Rhynchactis leptonema
- Conservation status: Least Concern (IUCN 3.1)

Scientific classification
- Kingdom: Animalia
- Phylum: Chordata
- Class: Actinopterygii
- Order: Lophiiformes
- Family: Gigantactinidae
- Genus: Rhynchactis
- Species: R. leptonema
- Binomial name: Rhynchactis leptonema Regan, 1925

= Rhynchactis leptonema =

- Authority: Regan, 1925
- Conservation status: LC

Species of fish

Rhynchactis leptonema is a species of marine ray-finned fish belonging to the family Gigantactinidae, the whipnose anglers. This species is known from widely scattered locations in the Atlantic and Pacific Oceans.

==Taxonomy==
Rhynchactis leptonema was first formally described in 1925 by the English ichthyologist Charles Tate Regan with its type locality given as the western central Atlantic at 8°19'N, 44°35'W from a depth of around 1500 m. When Regan described this species, he proposed a new monospecific genus Rhynchactis, so this species is the type species of that genus by monotypy.

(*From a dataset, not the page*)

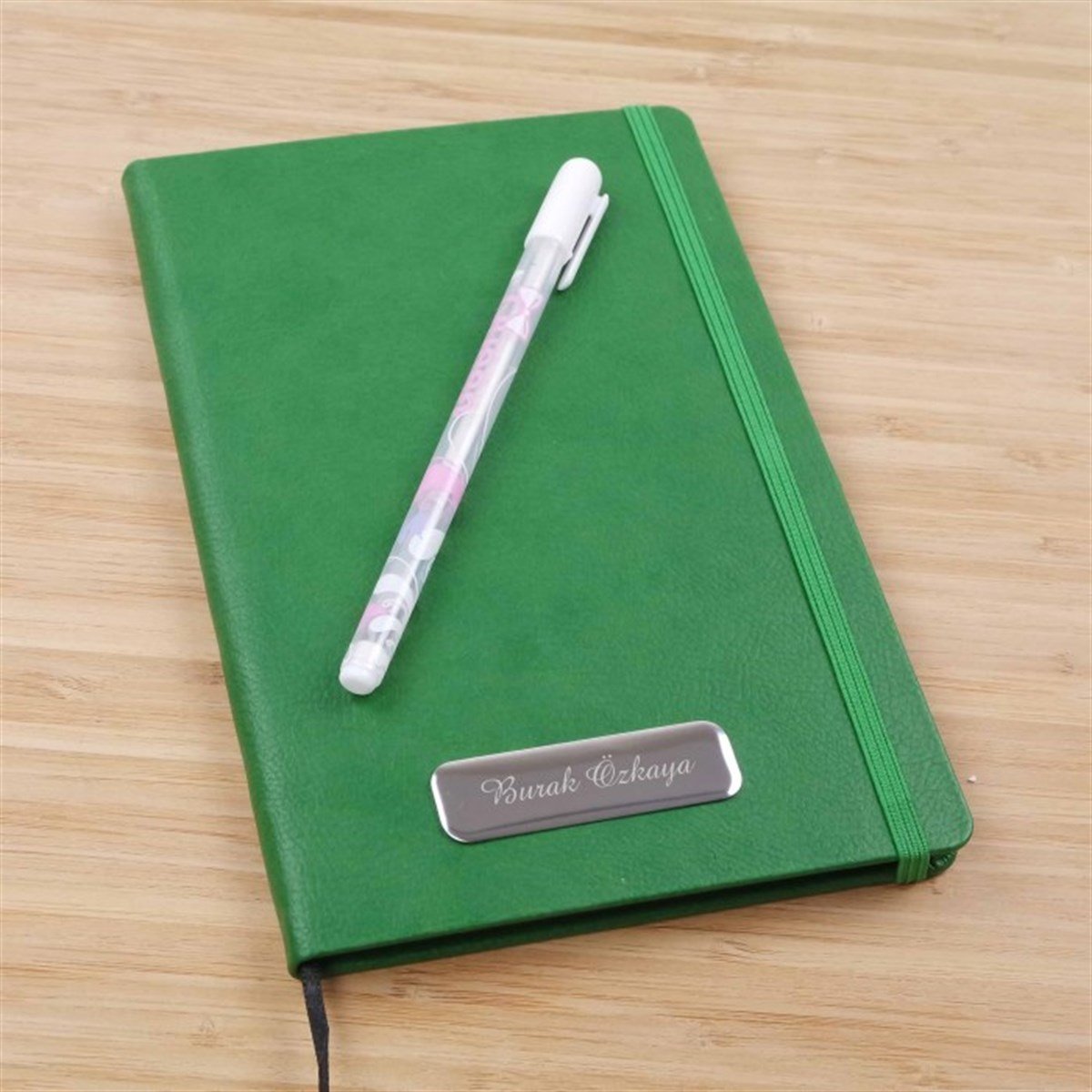 İsme Özel Lastikli Siyah Yapraklı Defter ve Kalem Seti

The genus Rhynchactis is one of two genera in the family Gigantactinidae that the 5th edition of Fishes of the World classifies within the suborder Ceratioidei, the deep sea anglerfishes of the order Lophiiformes, the anglerfishes.

==Etymology==
Rhynchactis leptonema is a member of the genus Rhynchactis, the name of which is a combination of rhynchos, meaning "snout", with actis, which means "ray", an allusion to the illicium originating at the tip of the snout. The specific name, leptonema, means "slender thread", a reference to the long and thin illicium.

==Description==
Rhynchactis leptonema has metamorphosed females that are slender and streamlined, with a relatively small head comprising about a quarter of the standard length. The illicium originates at the front of the blunt head and exceeds the length of the body. In this species, the illicium has a length equivalent to 118% to 187% of the standard length of the fish. In contrast to most other deep-sea anglerfishes, the illicium does not bear a bioluminescent esca at the tip. The upper jaw extends past the lower; the dentition is greatly reduced, particularly in larger females, consisting of only 0–2 tiny, curved teeth on each side at the tip of the upper jaw, and sometimes also fine teeth in the lower jaw. Uniquely, the inside of both jaws are densely covered by white, papilla-like glands, each containing a short, pigmented tube at the center lined by glandular cells. The maximum published total length is 14.1 cm.

==Distribution and habitat==
Rhynchactis leptonema has been recorded from the western Atlantic and from the Pacific off Hawaii and Taiwan and is known from only five specimens, which were taken at depths between 0 and 1100 m.